● LISTED RECORDS
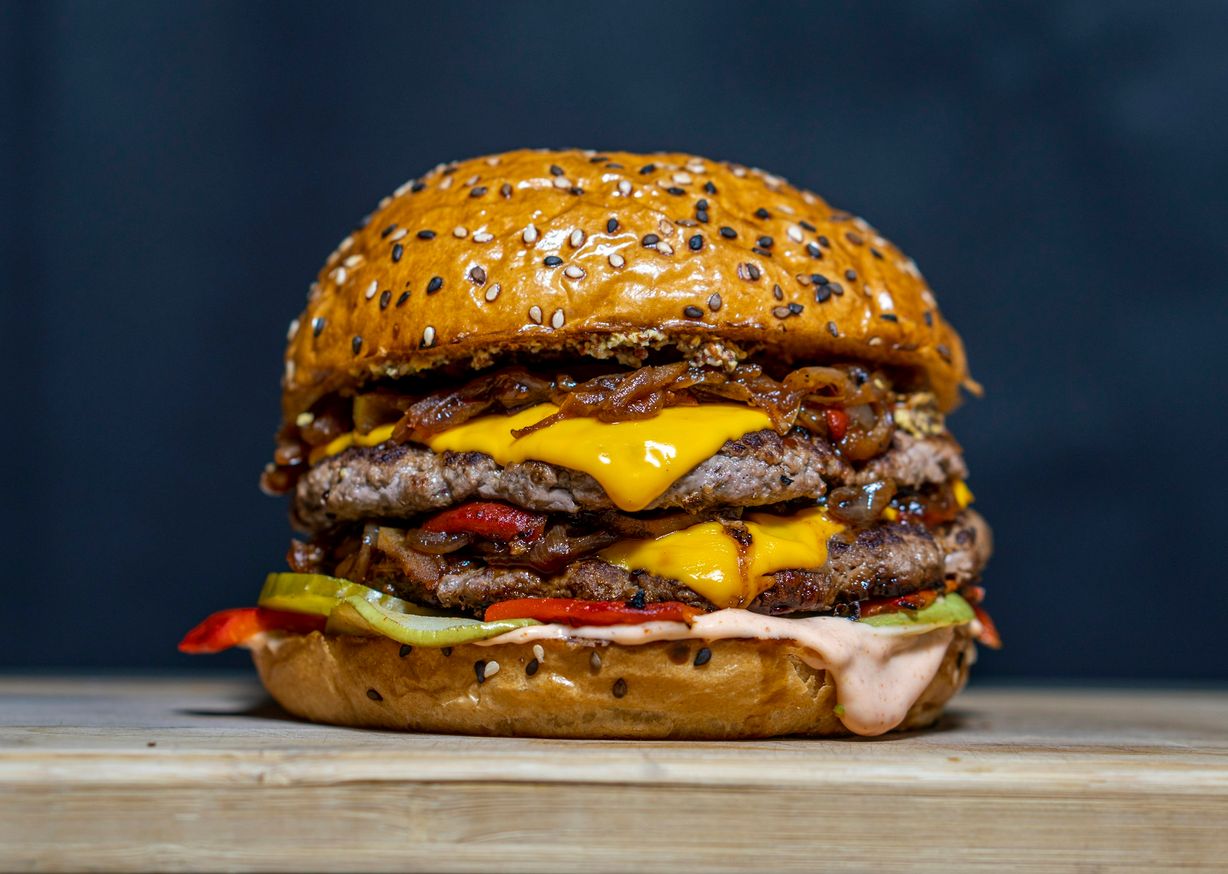 Double Burger Deluxe at Greek Streak Cafe in Mt. Juliet, TN 37122 | YourMenu® Online Ordering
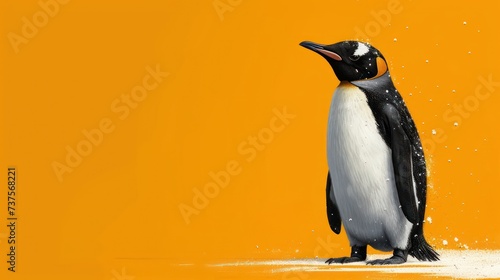 a black and white penguin standing on top of a puddle of water on an orange background with a splash of water on the penguin s head.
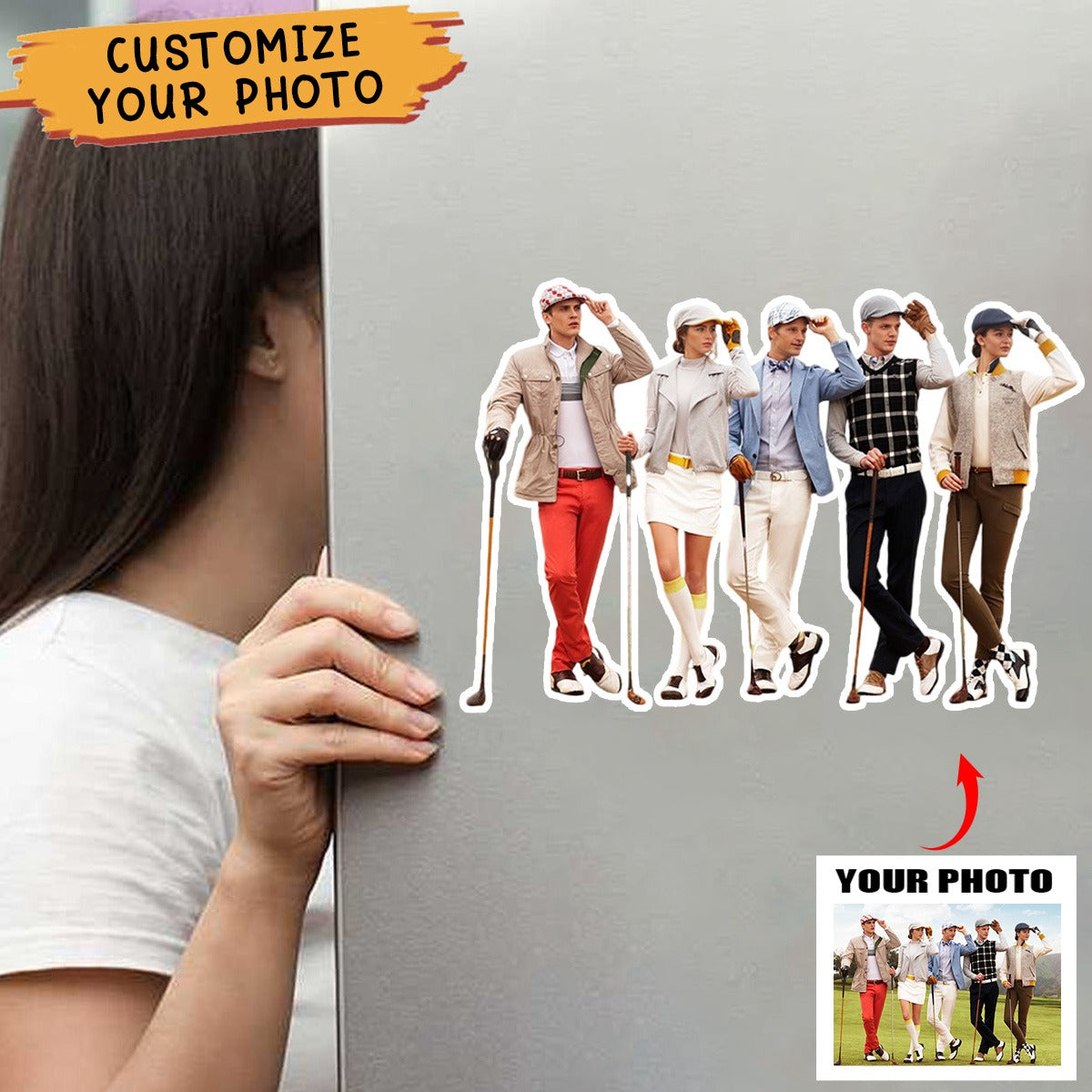 Custom Shaped Photo Golf Lovers - Personalized Photo Decal Sticker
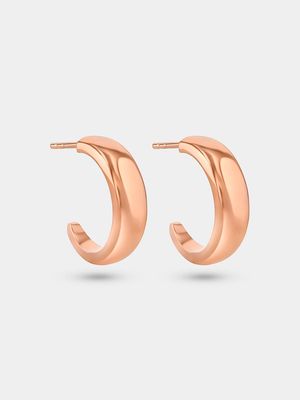 Rose Gold Plated Women’s Open Horn Hoop Earrings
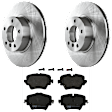 KIT-070624-232 2-Wheel Set Front Brake Disc and Pad Kit, Plain Surface 5 Lugs 311.91 mm Semi-metallic, Includes (1) Brake Pad Set and (2) Brake Disc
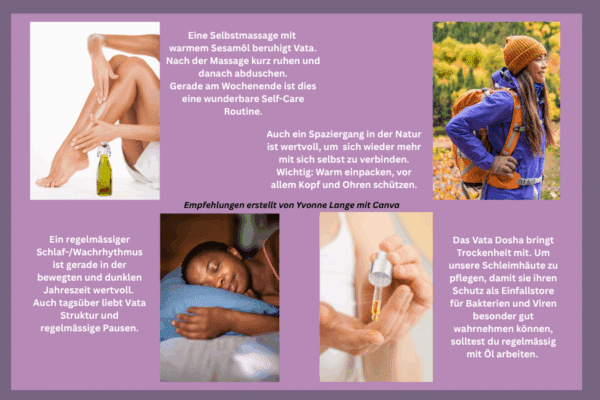 Schaubild mit gesunden Routinen zu Pratyahara in der Vata Zeit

● WORK ORDER
Where the line containing "a black and" appears, begin writing out the lines word for word, and continue through the last line of the data, leaving out pictures.

● RESPONSE FOR THIS EXERCISE
 a black and white penguin standing on top of a puddle of water on an orange background with a splash of water on the penguin s head.
 Custom Shaped Photo Golf Lovers - Personalized Photo Decal Sticker
 Rose Gold Plated Women’s Open Horn Hoop Earrings
 KIT-070624-232 2-Wheel Set Front Brake Disc and Pad Kit, Plain Surface 5 Lugs 311.91 mm Semi-metallic, Includes (1) Brake Pad Set and (2) Brake Disc
 Schaubild mit gesunden Routinen zu Pratyahara in der Vata Zeit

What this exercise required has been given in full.